Has he shown a demonstrative difference in behaviour? That's that's a weird way to say it. Has he demonstrated different behaviour? Has he actually done things that make you feel prioritised? Has he actually shown you through his actions between the two of you that he is going to change his behaviour? Has he really done that? Really ask yourself that.

Because maybe you're counting other stuff to try and find the good here so that you don't have to deal with the more painful aspect of saying, “okay, maybe this isn't working out and this person isn't treating me well enough”.

And think about what your actual boundaries are. Because you don't really have any boundaries here. Everything that he does, you're like, “Oh, I'm I'm fine with it. I'm okay with it. Like I can accept it. I'm—” Why? Why are you accepting it? Why are you accept— If you don't want cheating? If you don't want to enable cheating, why are you accepting it? Like obviously, you know, you can't force him to dump someone and that's fine.

But you also don't have to force yourself to be okay with it either. Is forcing yourself to be okay with something that you're not okay with a good thing? Your brain is kind of noticing that you're self sabotaging a lot and so it's panicking and freaking out. And, you know, I don't think that that's going to go away anytime soon. To be honest with you.

I think that that until he demonstrates an actual change in behaviour and rebuilds all the trust that he's broken by constantly putting up these rules and then completely breaking them, I think you're still going to have that feeling. And I think you also need to think about the rules you make with yourself. Because you have made these rules and then you go back on them.

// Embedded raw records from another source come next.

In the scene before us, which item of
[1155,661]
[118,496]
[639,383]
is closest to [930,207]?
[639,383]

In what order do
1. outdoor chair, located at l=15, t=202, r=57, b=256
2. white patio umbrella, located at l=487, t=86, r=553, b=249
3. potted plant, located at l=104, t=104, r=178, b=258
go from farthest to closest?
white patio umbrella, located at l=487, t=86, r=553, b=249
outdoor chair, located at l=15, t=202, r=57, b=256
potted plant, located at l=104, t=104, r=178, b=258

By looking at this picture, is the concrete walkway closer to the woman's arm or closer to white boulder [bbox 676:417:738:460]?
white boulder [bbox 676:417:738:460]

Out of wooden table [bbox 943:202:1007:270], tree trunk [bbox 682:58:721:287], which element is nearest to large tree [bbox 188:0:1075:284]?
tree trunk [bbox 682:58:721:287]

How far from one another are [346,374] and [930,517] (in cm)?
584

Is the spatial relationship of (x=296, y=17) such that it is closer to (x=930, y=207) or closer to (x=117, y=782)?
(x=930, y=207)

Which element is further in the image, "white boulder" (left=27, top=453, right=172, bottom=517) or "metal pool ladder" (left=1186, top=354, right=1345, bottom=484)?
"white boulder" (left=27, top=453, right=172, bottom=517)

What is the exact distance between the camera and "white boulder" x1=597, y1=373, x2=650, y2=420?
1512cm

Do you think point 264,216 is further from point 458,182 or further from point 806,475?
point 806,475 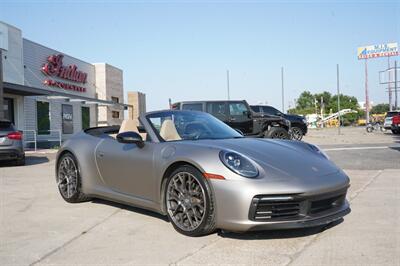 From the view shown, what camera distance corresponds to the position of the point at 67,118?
92.2ft

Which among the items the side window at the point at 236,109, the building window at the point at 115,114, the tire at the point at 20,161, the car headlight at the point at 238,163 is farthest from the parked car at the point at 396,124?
the car headlight at the point at 238,163

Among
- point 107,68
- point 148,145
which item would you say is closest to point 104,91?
point 107,68

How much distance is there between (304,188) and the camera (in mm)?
3826

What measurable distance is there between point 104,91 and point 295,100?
109847mm

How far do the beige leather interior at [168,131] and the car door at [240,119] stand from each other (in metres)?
10.3

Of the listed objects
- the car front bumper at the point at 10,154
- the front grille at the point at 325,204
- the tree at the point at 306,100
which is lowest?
the front grille at the point at 325,204

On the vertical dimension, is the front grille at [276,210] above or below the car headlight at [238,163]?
below

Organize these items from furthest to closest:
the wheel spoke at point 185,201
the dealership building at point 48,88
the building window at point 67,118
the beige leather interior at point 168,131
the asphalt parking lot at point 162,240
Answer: the building window at point 67,118
the dealership building at point 48,88
the beige leather interior at point 168,131
the wheel spoke at point 185,201
the asphalt parking lot at point 162,240

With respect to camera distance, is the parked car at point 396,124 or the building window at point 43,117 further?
the parked car at point 396,124

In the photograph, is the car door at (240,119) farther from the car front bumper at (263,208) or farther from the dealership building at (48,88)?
the car front bumper at (263,208)

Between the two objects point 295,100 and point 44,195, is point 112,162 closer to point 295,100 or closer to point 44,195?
point 44,195

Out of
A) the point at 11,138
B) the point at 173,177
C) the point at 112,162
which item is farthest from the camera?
the point at 11,138

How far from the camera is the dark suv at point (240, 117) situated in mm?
15156

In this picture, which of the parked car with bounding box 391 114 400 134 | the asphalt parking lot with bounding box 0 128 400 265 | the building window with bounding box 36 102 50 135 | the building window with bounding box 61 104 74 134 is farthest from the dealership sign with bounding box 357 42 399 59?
the asphalt parking lot with bounding box 0 128 400 265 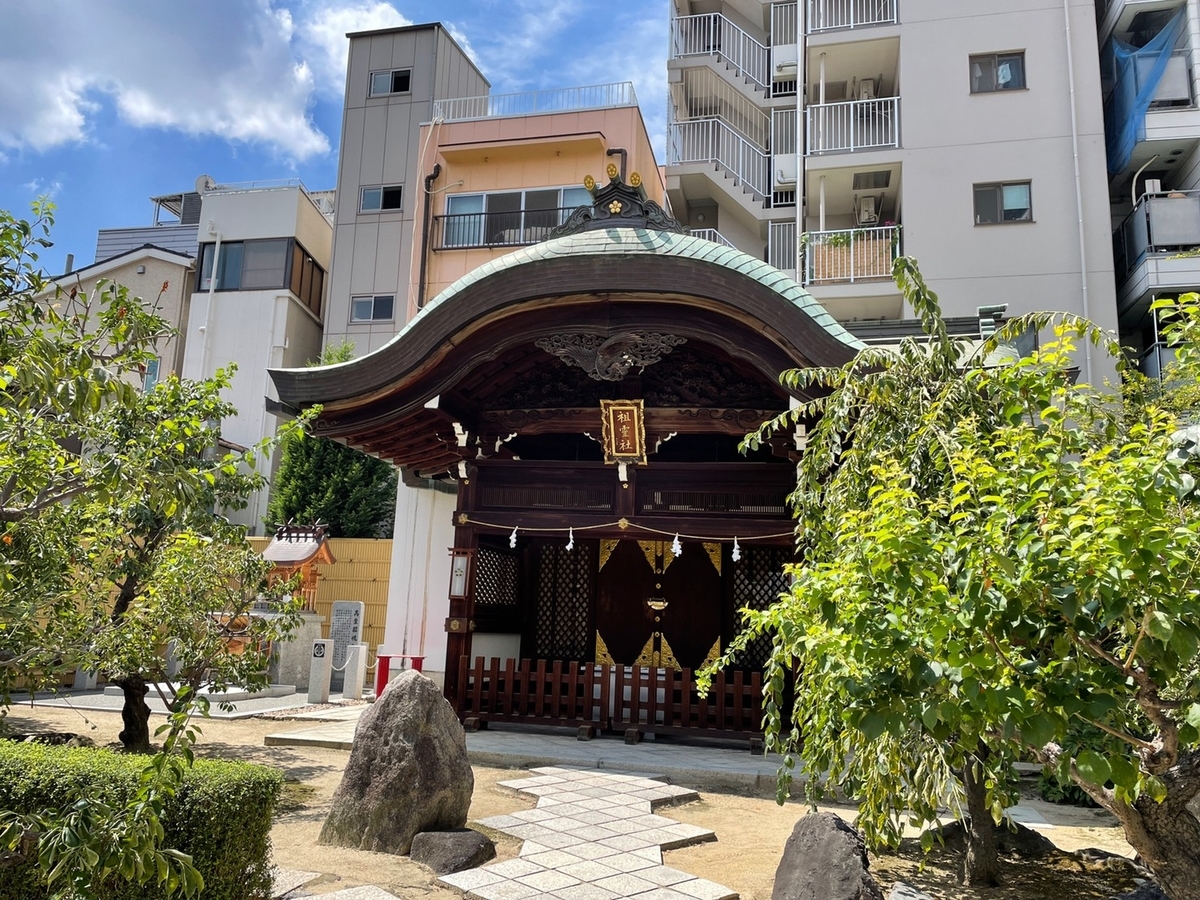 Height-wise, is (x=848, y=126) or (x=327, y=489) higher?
(x=848, y=126)

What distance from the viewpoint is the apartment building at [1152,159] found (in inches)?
611

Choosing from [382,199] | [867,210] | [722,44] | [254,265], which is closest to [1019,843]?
[867,210]

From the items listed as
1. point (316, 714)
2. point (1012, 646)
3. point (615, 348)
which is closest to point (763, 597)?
point (615, 348)

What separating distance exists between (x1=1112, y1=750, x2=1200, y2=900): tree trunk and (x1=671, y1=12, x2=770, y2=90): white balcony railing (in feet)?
67.0

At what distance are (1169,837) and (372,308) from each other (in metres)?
23.5

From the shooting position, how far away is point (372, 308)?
80.2ft

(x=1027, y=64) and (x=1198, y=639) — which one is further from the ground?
(x=1027, y=64)

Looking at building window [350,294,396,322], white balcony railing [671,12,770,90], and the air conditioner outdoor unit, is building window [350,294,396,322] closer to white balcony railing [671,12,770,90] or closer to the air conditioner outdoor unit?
white balcony railing [671,12,770,90]

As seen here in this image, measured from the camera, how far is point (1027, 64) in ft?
57.1

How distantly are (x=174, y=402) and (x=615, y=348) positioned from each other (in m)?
4.64

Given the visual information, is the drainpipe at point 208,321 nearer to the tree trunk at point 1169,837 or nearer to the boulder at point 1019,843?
the boulder at point 1019,843

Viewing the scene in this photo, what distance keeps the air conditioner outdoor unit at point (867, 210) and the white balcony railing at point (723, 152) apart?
7.14 ft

And so in a way you're kind of in a self sabotaging cycle that I think your brain is also noticing. So it's hard for you to trust yourself when you put down some of these rules, because you're not following through. There are no consequences. If there are no consequences, if your behaviour doesn't change, then then what's the point of it?

Right? So yeah, I'm sorry that you're going through this. I really wish that things were a little bit better. I think that it's really a personal thing with regards to how many chances you give people and how long you're willing to stay in a relationship where someone has demonstrated that they are not true to their word and how many times you're willing to forgive them.

That's totally up to you and I think that's something to discuss with your therapist about when to say when and when you need to actually decide, “okay, I'm not seeing enough change and I need to walk away”. Yeah, I hope that helps. And good luck.